__YOUR ASSIGNMENT__.
Everything from the line holding "Zara Black Leather" through the final line of the entries below is to be written out exactly, and nothing more; leave out pictures.
----------------
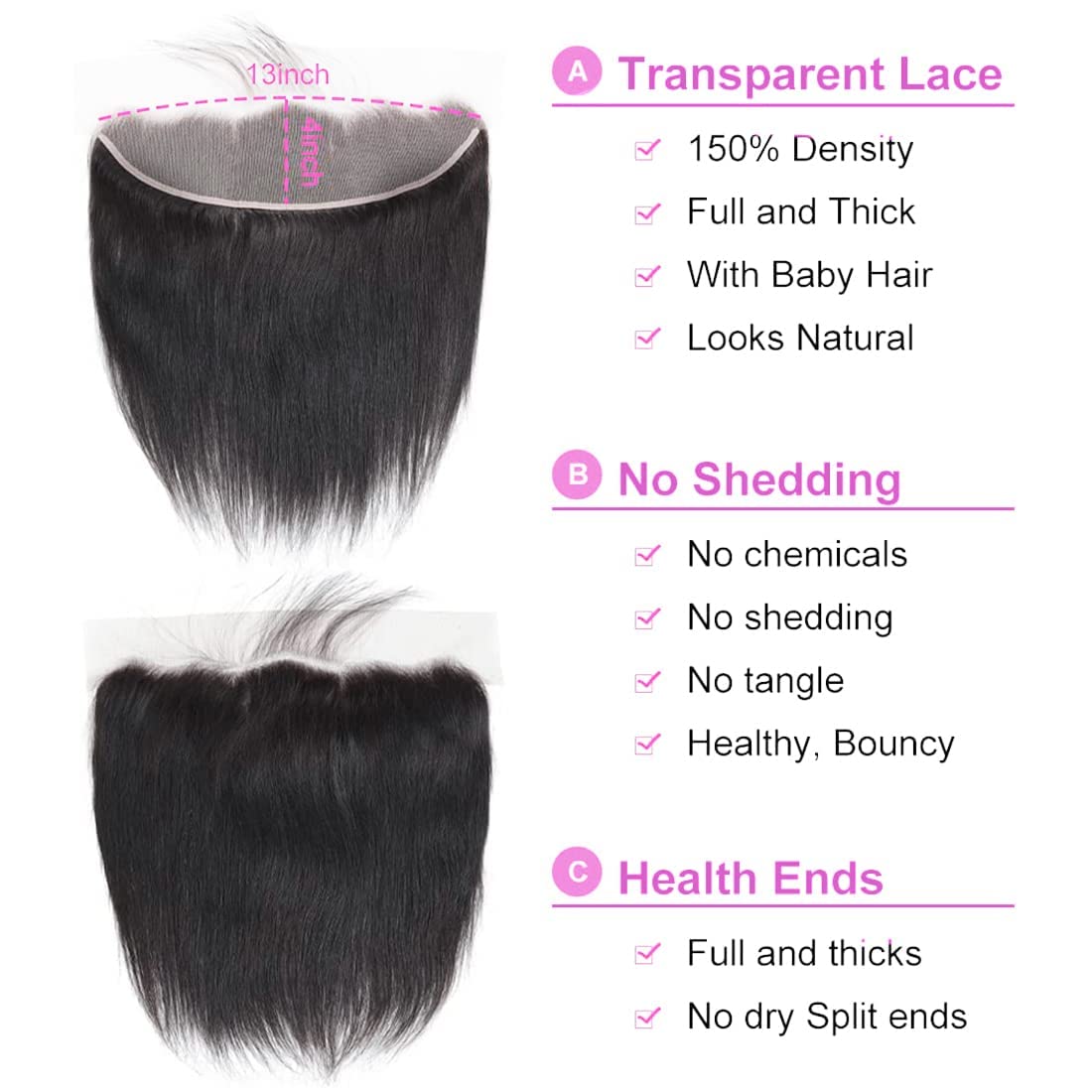 13x4 Ear To Ear Lace Frontal Closure Brazilian Straight HD Lace Frontal Closure Virgin Human Hair Lace Closure Natural Black 180% Density(13X4 Straight, 20 Inch)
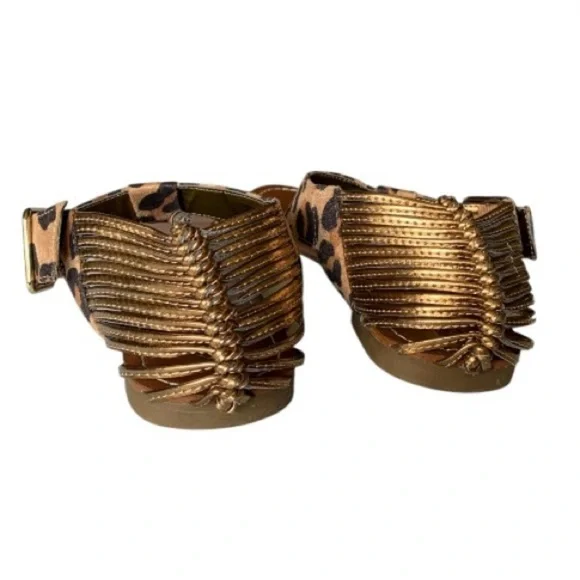 MOSSIMO Women’s Peace Sandals, Gold and Leopard Print - Picture 4 of 4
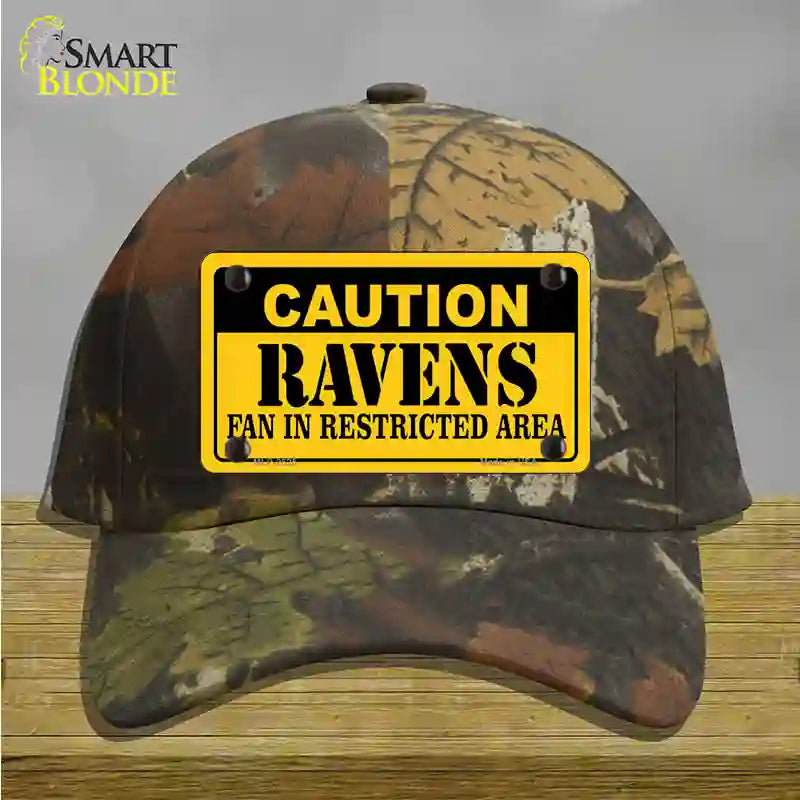 Caution Ravens Novelty License Plate Hat Cotton / Camoflauge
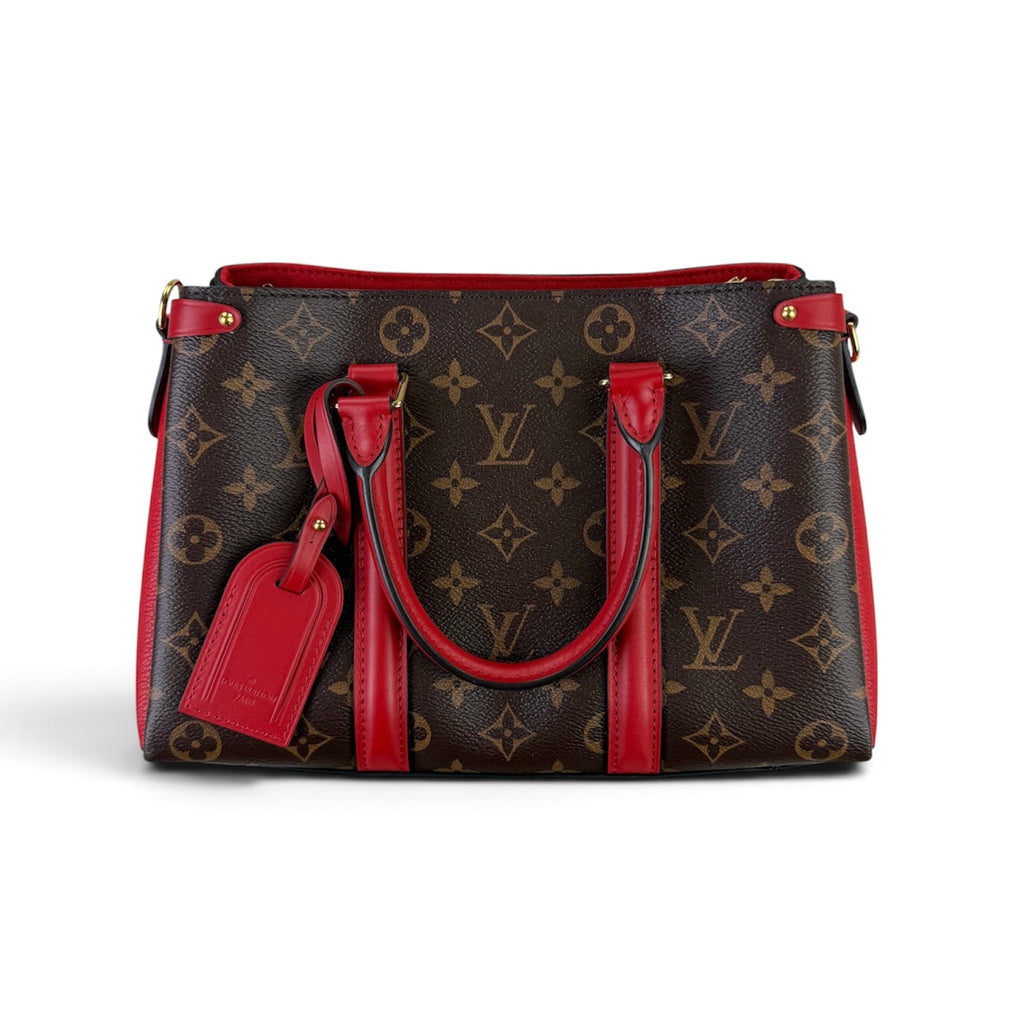 Louis Vuitton Women’s Soufflot Tote BB Brown/Red Canvas/Leather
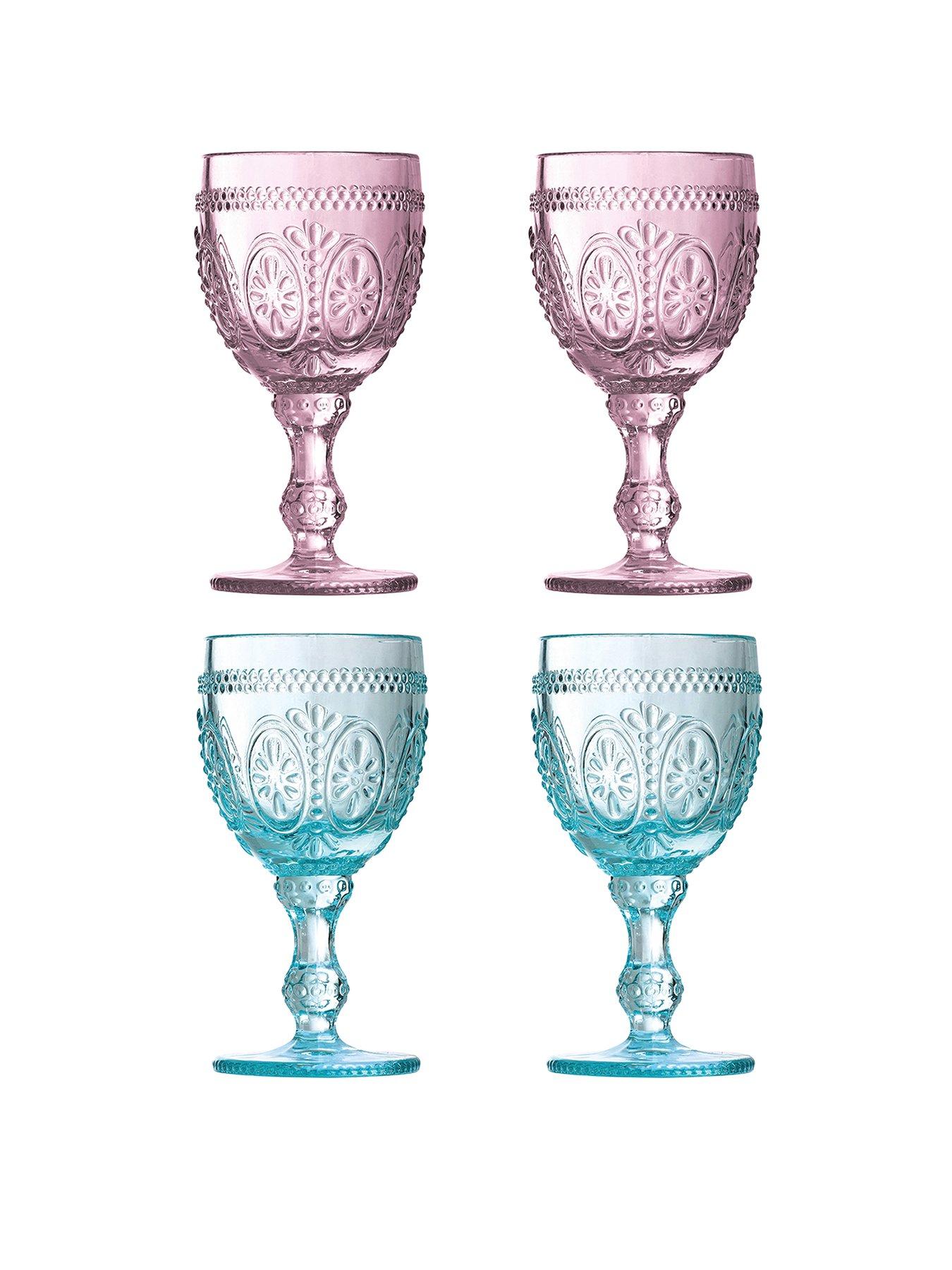 Image 1 of 6 of Interiors By Premier Set Of Four Fleur Pink And Blue Glasses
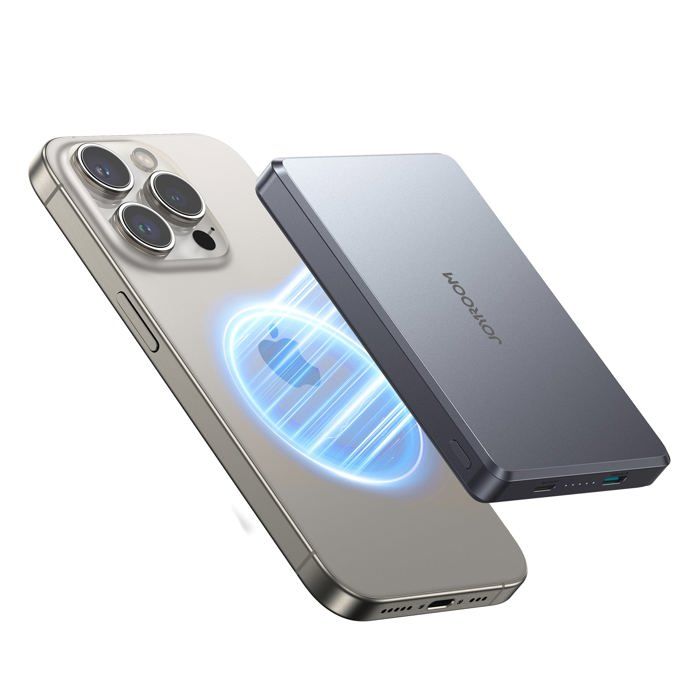 Mini Power Bank Magnétique 10000mAh Recharge Sans Fil - Gris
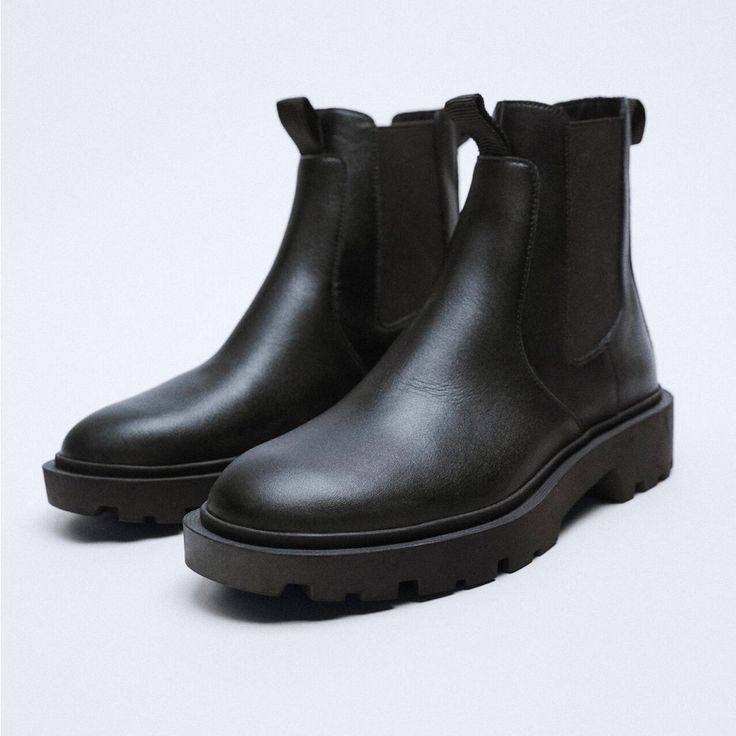 Zara Black Leather Boots, Worn Once Zara Shoes, Black Leather Boots, Zara Black, Leather Boots, Bootie Boots, Ankle Boots, Black Leather, Zara, Size 6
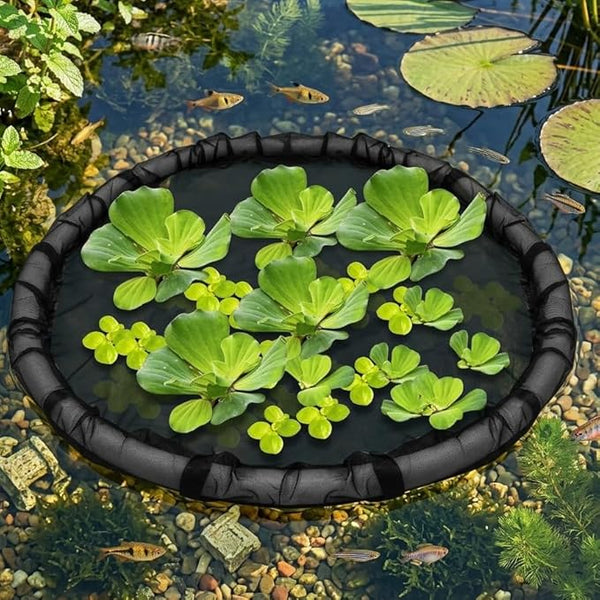 Round Floating Flora Fish Barrier, Water Floating Pond Planter Corral Island Landscape Planting Protector Fine Mesh with Lifting Ring,Water Features Ponds Decoration & ProtectPond from Birds (31inch)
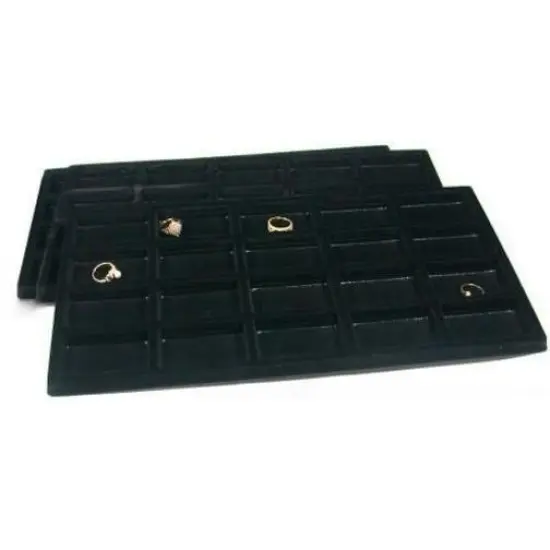 3 Black 20 Slot Pendant Jewelry Showcase Display Tray Inserts {1}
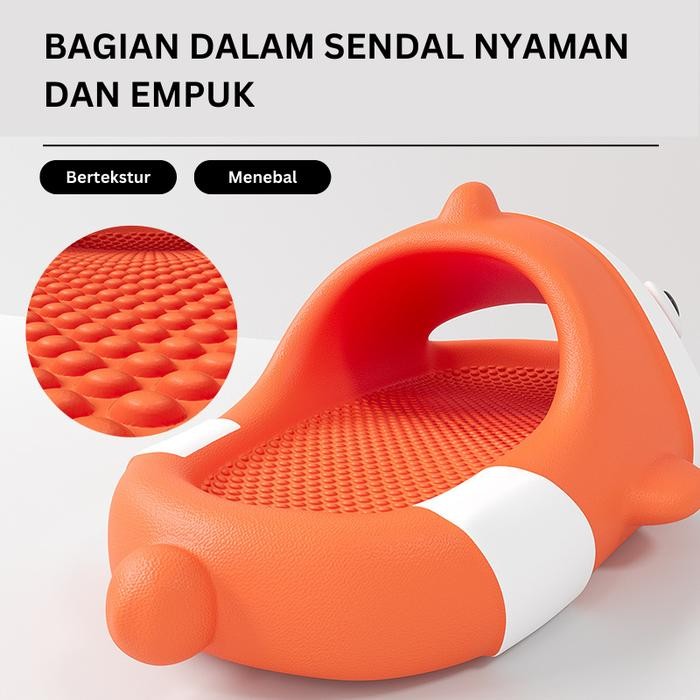 pw5d-Megam Sandal Flat Karakter Ikan Nemo Sendal Karet Hiu Anak Sandal Selop Anak Dewasa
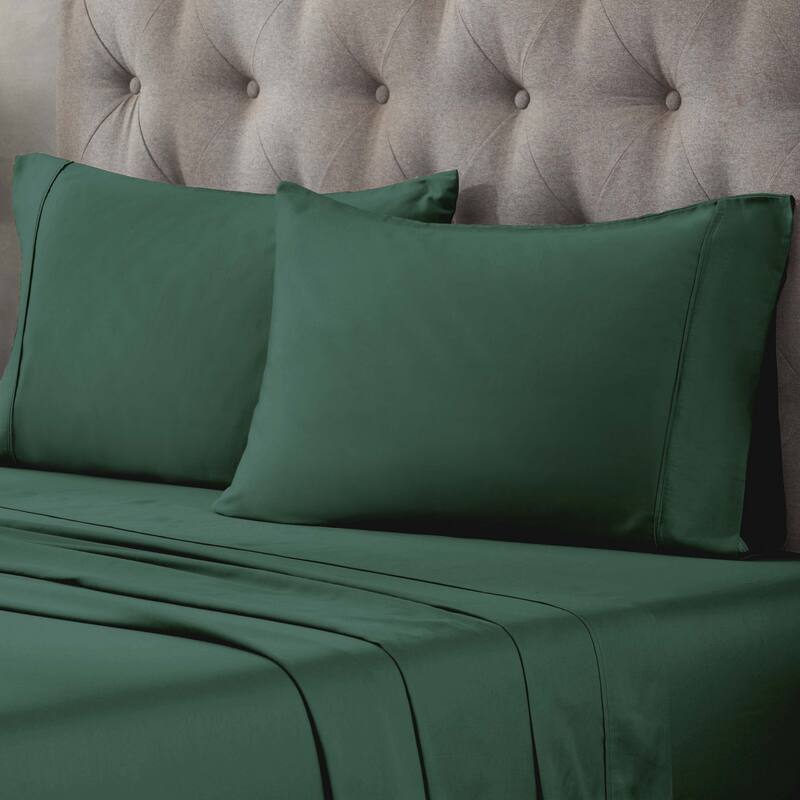 Superior Egyptian Cotton 400 Thread Count Pillowcases - Set of 2 - Hunter Green - King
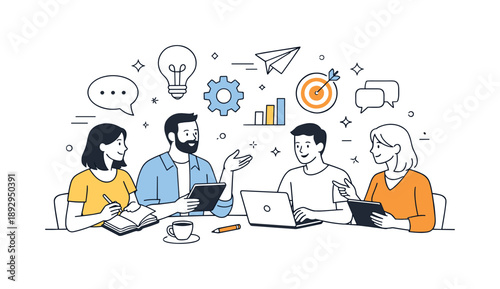 Creative Team Brainstorming. Business meeting brainstorming. Team discussing ideas with notebooks and tablets, relaxed but productive mood. Creative exchange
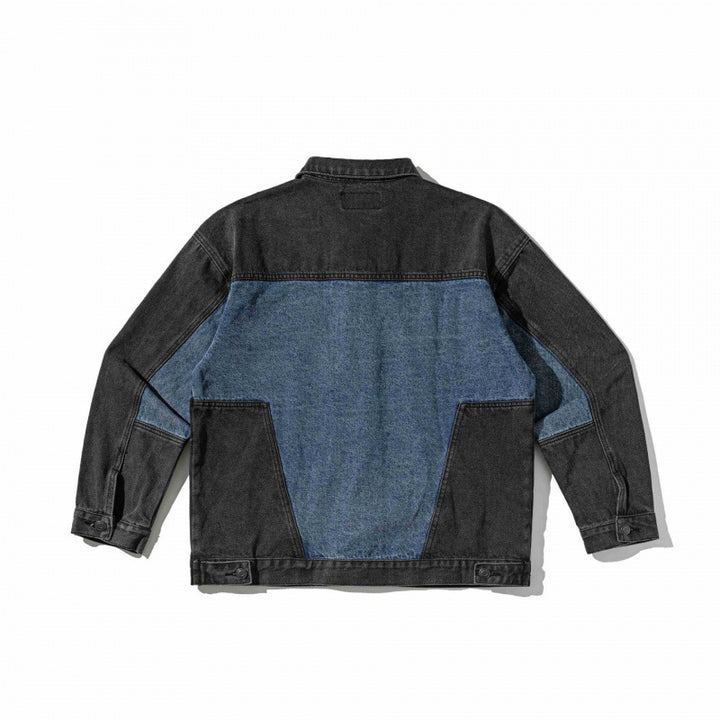 Unisex Two-tone Oversized Denim Jacket in Worker Look with Patch Chest Pockets and Straight Hem Mune Fashion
----------------
__WRITTEN ANSWER__.
 Zara Black Leather Boots, Worn Once Zara Shoes, Black Leather Boots, Zara Black, Leather Boots, Bootie Boots, Ankle Boots, Black Leather, Zara, Size 6
 Round Floating Flora Fish Barrier, Water Floating Pond Planter Corral Island Landscape Planting Protector Fine Mesh with Lifting Ring,Water Features Ponds Decoration & ProtectPond from Birds (31inch)
 3 Black 20 Slot Pendant Jewelry Showcase Display Tray Inserts {1}
 pw5d-Megam Sandal Flat Karakter Ikan Nemo Sendal Karet Hiu Anak Sandal Selop Anak Dewasa
 Superior Egyptian Cotton 400 Thread Count Pillowcases - Set of 2 - Hunter Green - King
 Creative Team Brainstorming. Business meeting brainstorming. Team discussing ideas with notebooks and tablets, relaxed but productive mood. Creative exchange
 Unisex Two-tone Oversized Denim Jacket in Worker Look with Patch Chest Pockets and Straight Hem Mune Fashion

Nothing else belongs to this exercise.